"Taste is the new value signal" says KRPT's Mitun Thaker

"Taste is the new value signal" says KRPT's Mitun Thaker

In an age defined by abundance, taste is emerging as the most valuable signal a brand can send, says Mitun Thaker, co‑founder at KRPT.

For years, brands believed that visibility was the goal. Show up more. Speak louder. Say something, anything, constantly.

Taste used to be selective and high-brow. Today, it is being democratised. 

It no longer lives only in luxury or high fashion: it exists in everything. Your food shop is now a status symbol. Your soap is now a status symbol. The way you travel is now a status symbol. Taste is no longer about what you own; it is about what you choose.

A more discerning audience

In a world where anyone can produce content, launch collaborations or follow trends, the brands that stand out are those that demonstrate judgement rather than volume. Taste has become a form of performance.

The data support this. At KRPT, we teamed up with SIPS Studio to spotlight the societal shifts happening and how brands can adapt. Our Age of Curation Report found that the most valuable thing a brand can offer today may no longer be just a product, but a point of view.

Meaningfully different brands command five times greater market penetration. Difference is a leading driver of pricing power, and brands that stand apart are four times more likely to grow.

When taste creates differentiation, differentiation creates growth.

Stone Island offers a masterclass in this approach. Rather than using campaigns to broadcast an image, the brand uses them to study and deepen its identity through people who already live it.

Musicians, designers, athletes and cultural figures are not cast aspirationally; they are selected because their lives already reflect Stone Island’s values of technical curiosity, independence and substance.
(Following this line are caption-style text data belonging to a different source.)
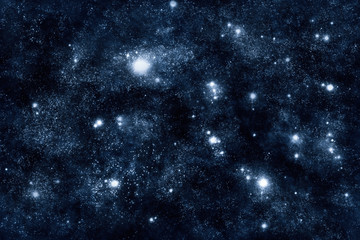 Fototapeta na wymiar Obraz gwiazd i chmur mgławica w przestrzeni kosmicznej - streszczenie backgr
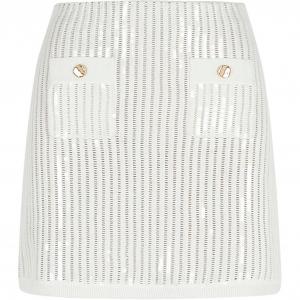 Мини-юбка с пайетками вязаная крючком Self-portrait, белый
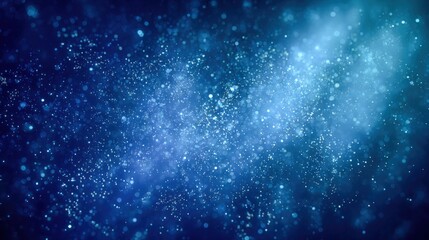 Abstract Blue Nebula with Glittering Particles, Cosmic Dust Cloud, Galaxy Background for Science, Space, and Technology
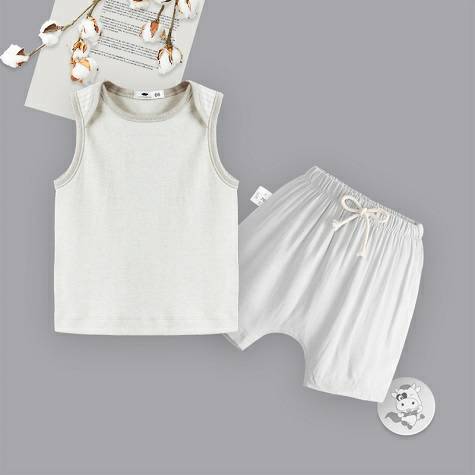 [2 pieces] Verantwortung Baby boys and girls organic color cotton short-sleeved European-style elegant skin-friendly sum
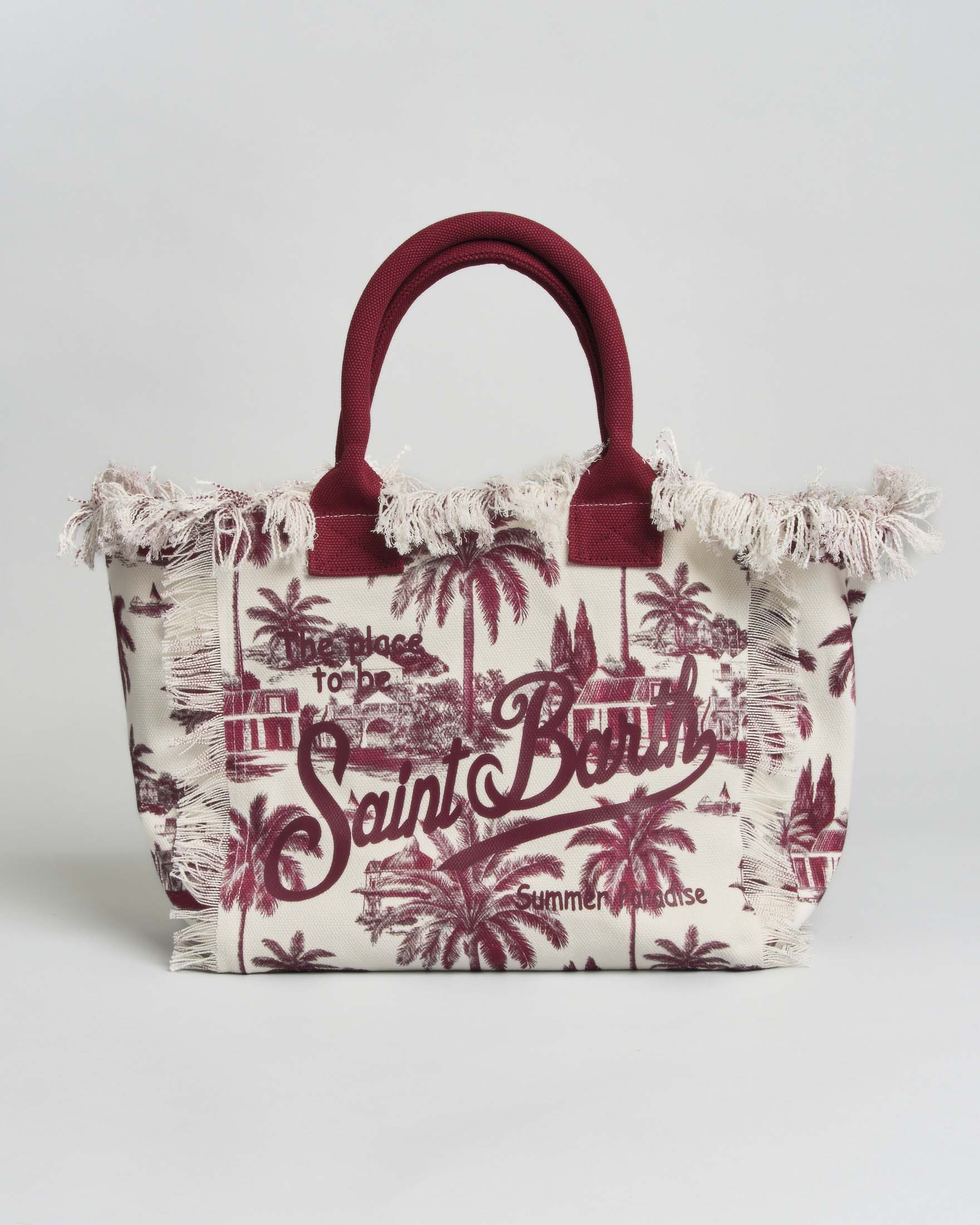 Borsa Vanity MC2 Saint Barth in cotone stampa toile de jouy e manici bordeaux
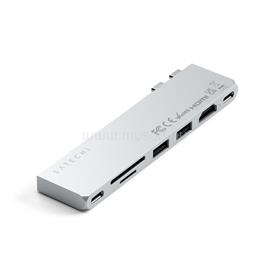 SATECHI PRO HUB SLIM (1xUSB4,1xHDMI,2xUSB-A,SD/MicroSD,UHS-I up to 104MB/s, SD/SDHC/SDXC up to 2TB,1xUSB-C) - Silver ST-HUCPHSS small
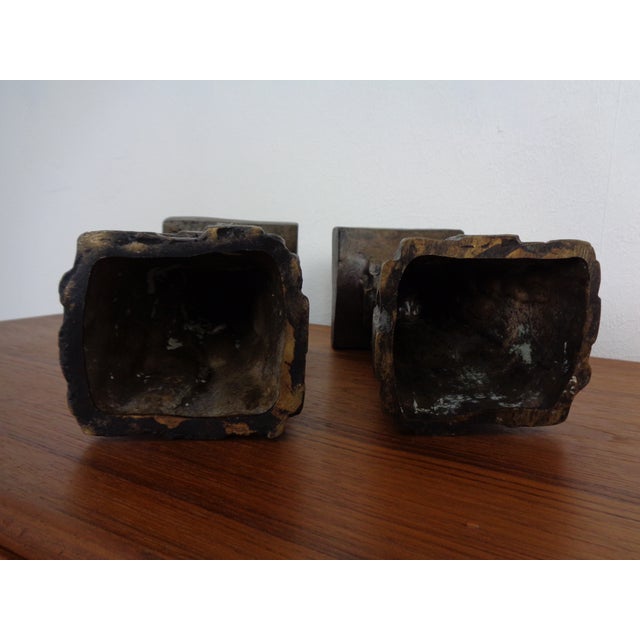Large Brutalist Bronze Candleholder, 1960s, Set of 2 For Sale - Image 12 of 16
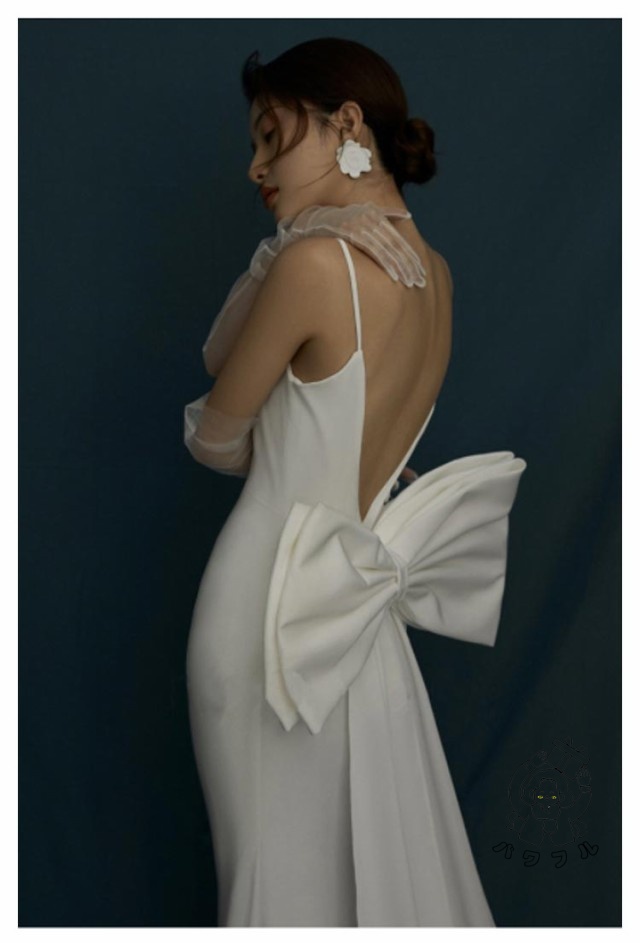 生活快適特集 店長太鼓判 フィッシュテール パフスリーブ 背中リボン取り外し可能 【パワフル】ウェディングドレス ウエディング 今だけ Vネック 新登場 マーメイドライン パーティードレス 背空き ランキング常連 トレーン付きドレス ウェディング お買い得プライス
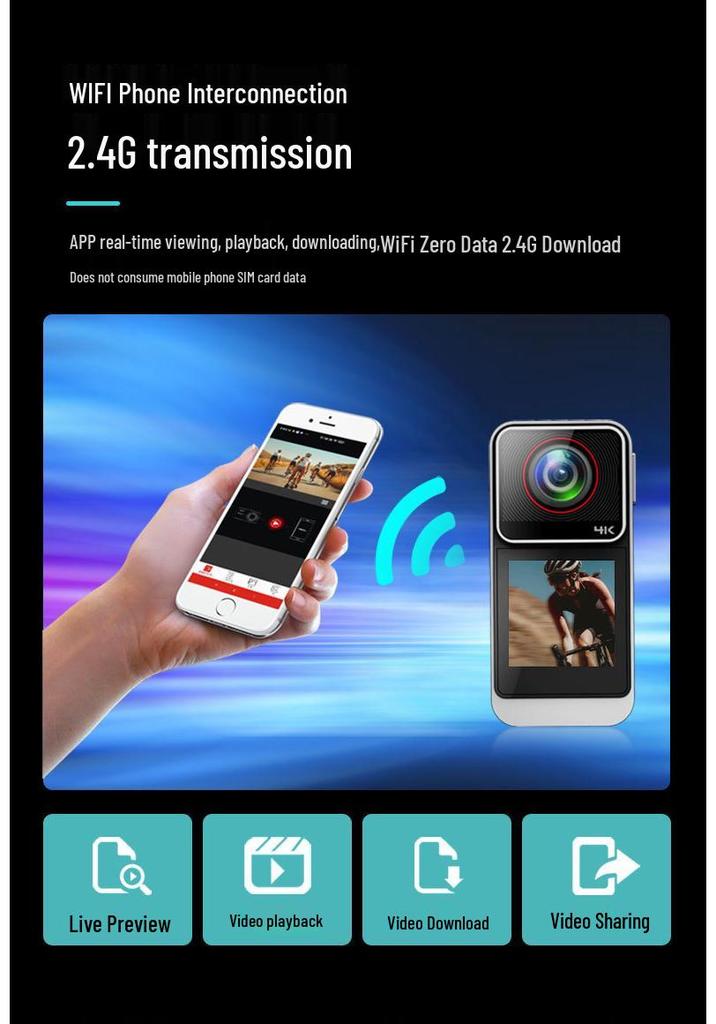 4K HD Waterproof Sports Camera with Anti-Shake, Chest & Head Mounts for Motorcycle & Diving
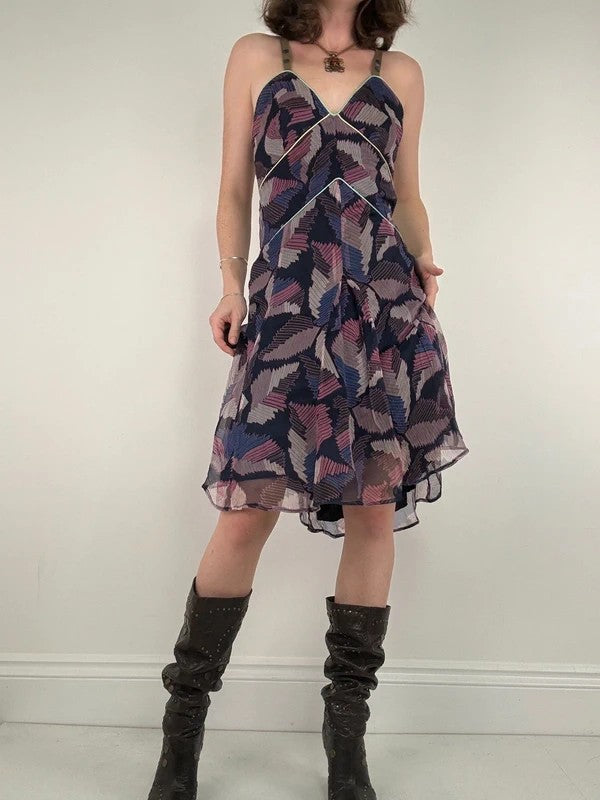 Cargo patterned layered diesel floaty grunge dress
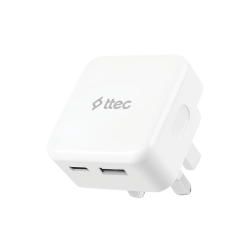 ttec SmartCharger Duo 20W PD İngiltere (UK) Katlanır Seyahat Hızlı Şarj Aleti Beyaz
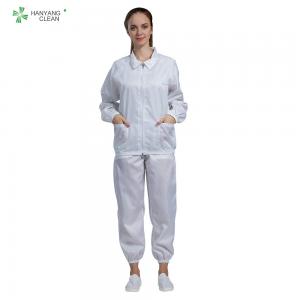 Wholesale ESD antistatic cleanroom jacket and pants white color autoclave sterilization dust free from china suppliers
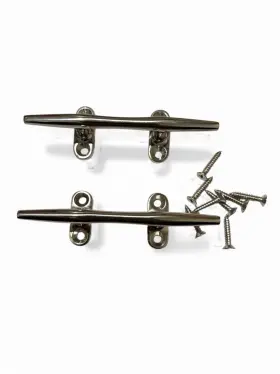 X002x7es39 Trafu 2 Pcs 5 Inch Rope Cleat Deck Stainless Steel Soild Open Base Boat Fittings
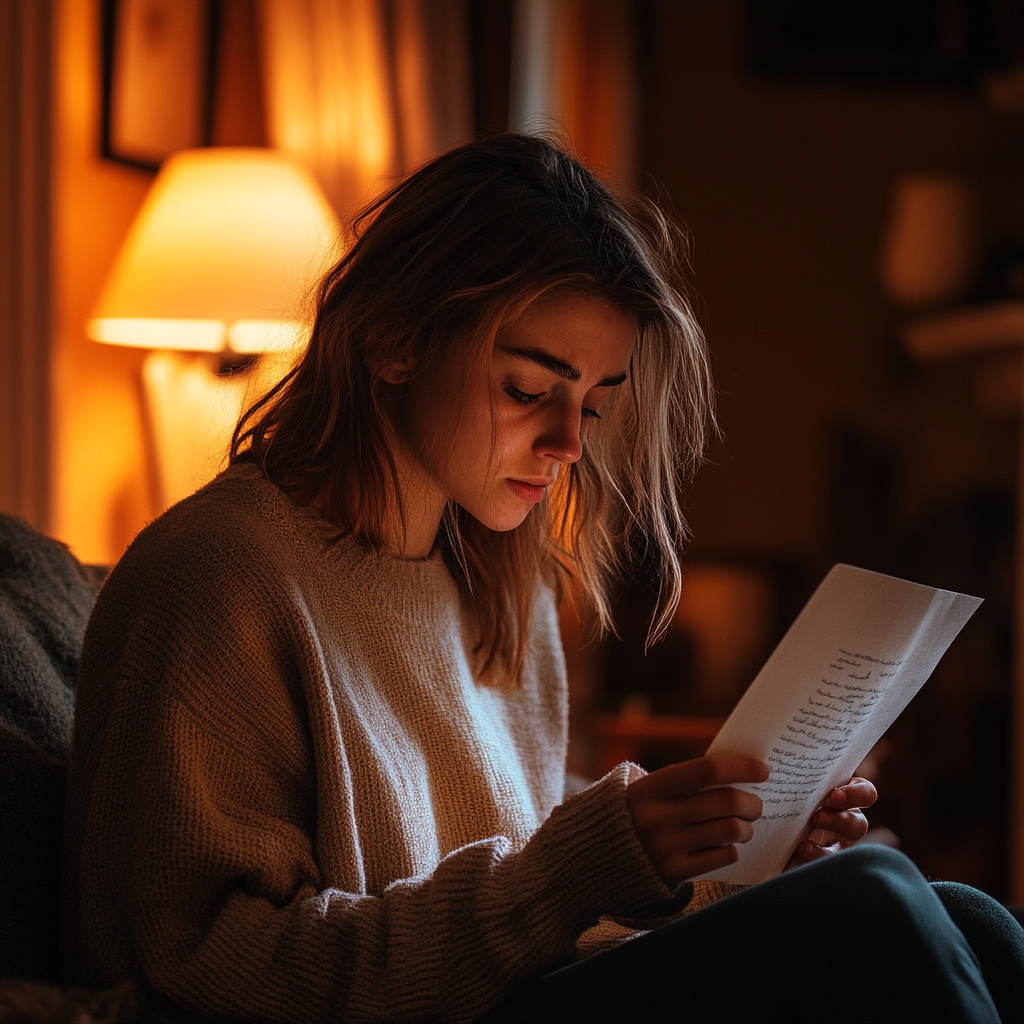 Une femme inquiète lisant une lettre | Source : Midjourney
The result is not a campaign about clothing, but a living ecosystem that makes the brand more legible.

A similar logic underpins Corteiz.

For the launch of the Nike Air Max 95 ‘Honey Black’, the brand resisted the pull of scale and began instead with a cypher on NTS: a grassroots platform holding real credibility in UK music culture. Only then did it elevate the moment with Ronaldinho, a figure revered not just for success, but for style and artistry. Local credibility paired with global legend. Sharp choices, rather than loud ones.

In the Age of Curation, taste is not aesthetic polish. It is cultural judgement. 

And brands that fail to develop it will increasingly struggle to be believed.